The Alkazar, in the heart of St. Pauli, was a cavernous ballroom with a huge dance floor that could be hydraulically raised to serve as stage for various acts. It was surrounded by two floors of balconies and its high ceiling permitted aerial and high-wire acts. Although the Alkazar had seen better days before the war, and much of its art deco glitter had faded, its popularity as one of Hamburg’s hottest nightspots was undiminished.

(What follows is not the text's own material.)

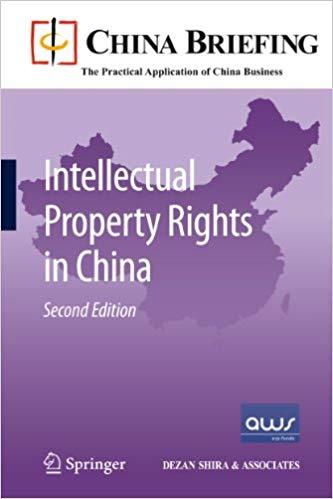 (PDF)Intellectual Property Rights in China (China Briefing Book 8839) 2nd Edition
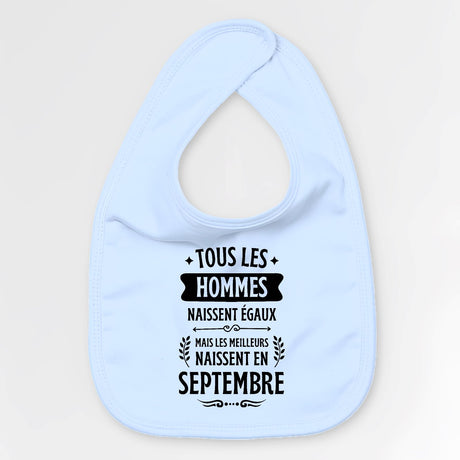 Bavoir Bébé Tous les hommes naissent égaux les meilleurs en septembre Bleu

We arrived—all fifteen of us—almost an hour early for the noon audition, prepared for hours of musical grilling. We
had rehearsed almost incessantly for an entire month until we were convinced that there was no hotter dance band this side of the Elbe. Thus, we were caught totally off guard when a short, skinny fellow with a cigar in his mouth and a hat perched on the back of his head announced that he was the boss of the Alkazar and that he wanted us to play John Philip Sousa’s “Stars and Stripes Forever.” “I know you all know how to read music and that you know how to play all the latest American hits,” he growled. “I don’t give a shit about that. Every two-bit musician can do that. What I want to know is how good you are at improvising, and I don’t mean playing jazz improvisations. If you want to accompany a variety show program, you’ve got to be able to think on your feet, be prepared for unexpected problems. An artist may not show up and you have to accompany a replacement act you’ve never seen or heard before. This means you’ve got to know how to improvise.”
We looked at each other dumbfounded. Nobody, it turned out, had the slightest idea who John Philip Sousa was nor what his “Stars and Stripes Forever” was all about. Exasperated, the Alkazar’s boss removed the cigar from his mouth and started whistling a few strains of a march that sounded vaguely familiar to me. Slowly, we picked up our instruments and began to play along—first meekly, then louder and louder as more and more of us caught on. When we reached the end in a rousing finale that reverberated throughout the theater, the man clapped enthusiastically and told us we were hired. “You guys are okay,” he praised. “You know how to improvise.”